EXERCISE – Your copy should start at the line with "GRACE CONTINENTAL OZAWA コーディネート画像" and end at the line with "LC Waikiki سويت" in the data below. Transcribe only those lines, exactly, pictures excluded.

RECORDS SUPPLIED –
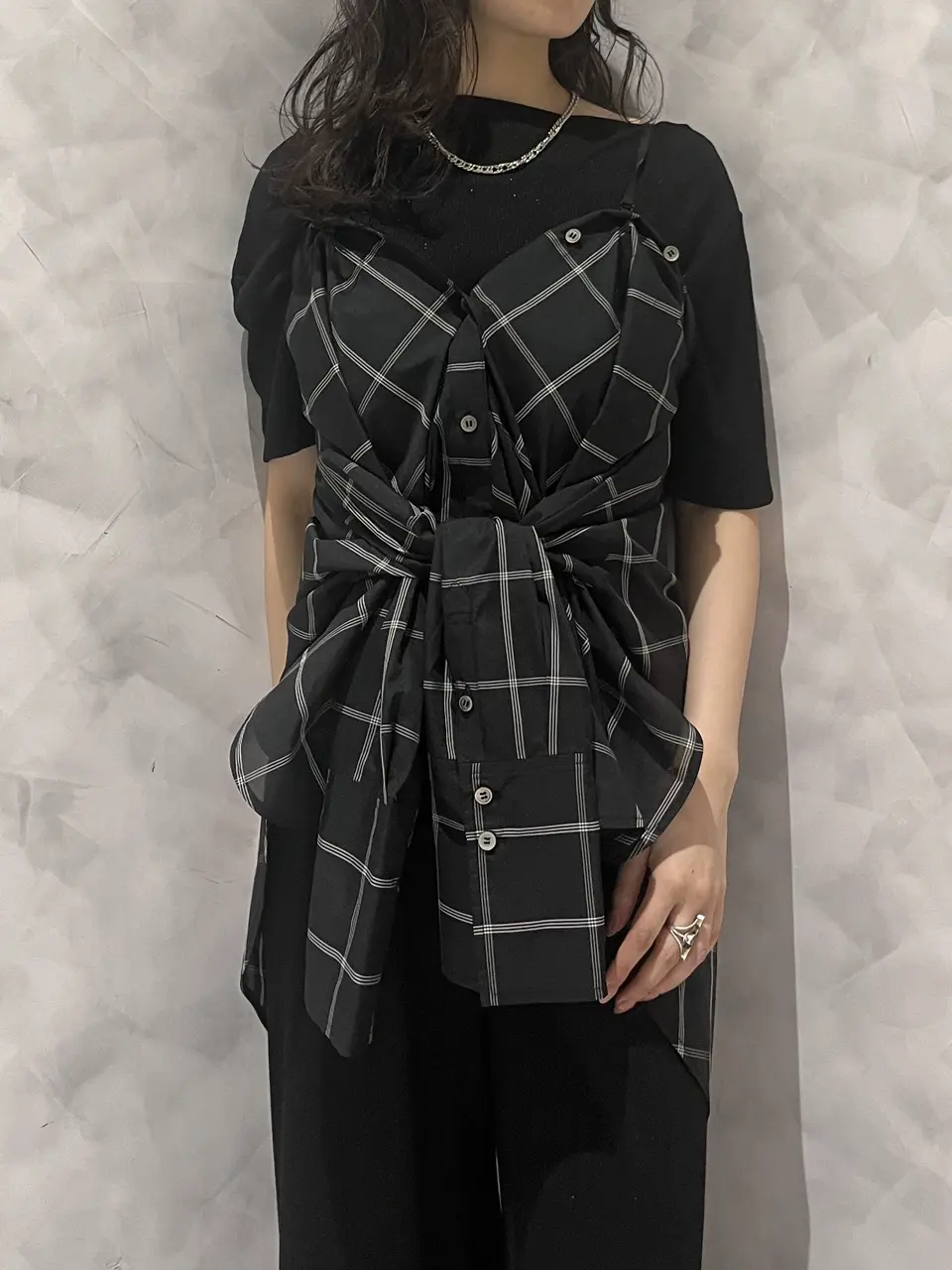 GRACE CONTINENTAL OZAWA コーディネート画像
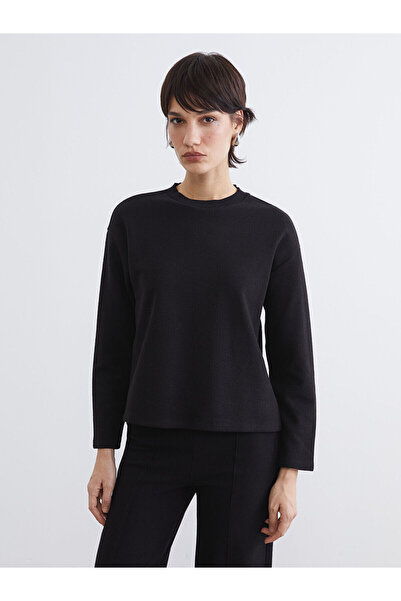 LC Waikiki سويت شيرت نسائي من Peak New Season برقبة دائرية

---

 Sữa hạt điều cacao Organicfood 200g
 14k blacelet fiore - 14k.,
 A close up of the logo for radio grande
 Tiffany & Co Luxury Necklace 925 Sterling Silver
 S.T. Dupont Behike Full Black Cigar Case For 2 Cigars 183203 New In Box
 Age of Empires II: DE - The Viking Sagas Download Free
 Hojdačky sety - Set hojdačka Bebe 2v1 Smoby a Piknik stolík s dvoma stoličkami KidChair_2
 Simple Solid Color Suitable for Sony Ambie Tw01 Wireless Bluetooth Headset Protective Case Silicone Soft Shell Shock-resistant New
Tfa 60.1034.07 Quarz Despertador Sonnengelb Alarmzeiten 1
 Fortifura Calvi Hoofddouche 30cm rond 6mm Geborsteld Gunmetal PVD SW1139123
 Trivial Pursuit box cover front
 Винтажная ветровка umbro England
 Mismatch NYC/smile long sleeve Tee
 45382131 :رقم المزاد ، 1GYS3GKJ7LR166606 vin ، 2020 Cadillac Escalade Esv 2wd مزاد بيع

---

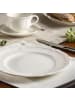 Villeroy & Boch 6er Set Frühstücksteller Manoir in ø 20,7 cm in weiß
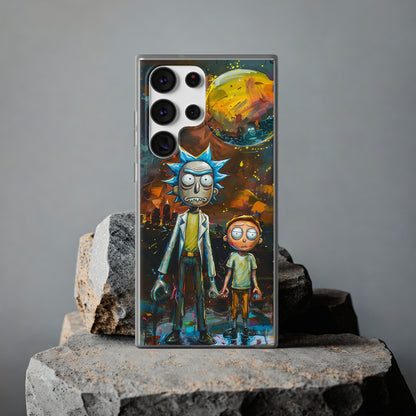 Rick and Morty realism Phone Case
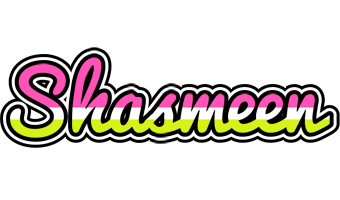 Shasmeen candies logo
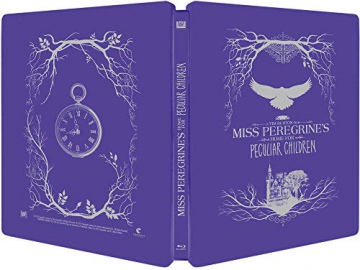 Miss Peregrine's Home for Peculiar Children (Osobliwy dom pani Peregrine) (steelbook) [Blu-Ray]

EXERCISE SOLUTION –
 GRACE CONTINENTAL OZAWA コーディネート画像
 LC Waikiki سويت شيرت نسائي من Peak New Season برقبة دائرية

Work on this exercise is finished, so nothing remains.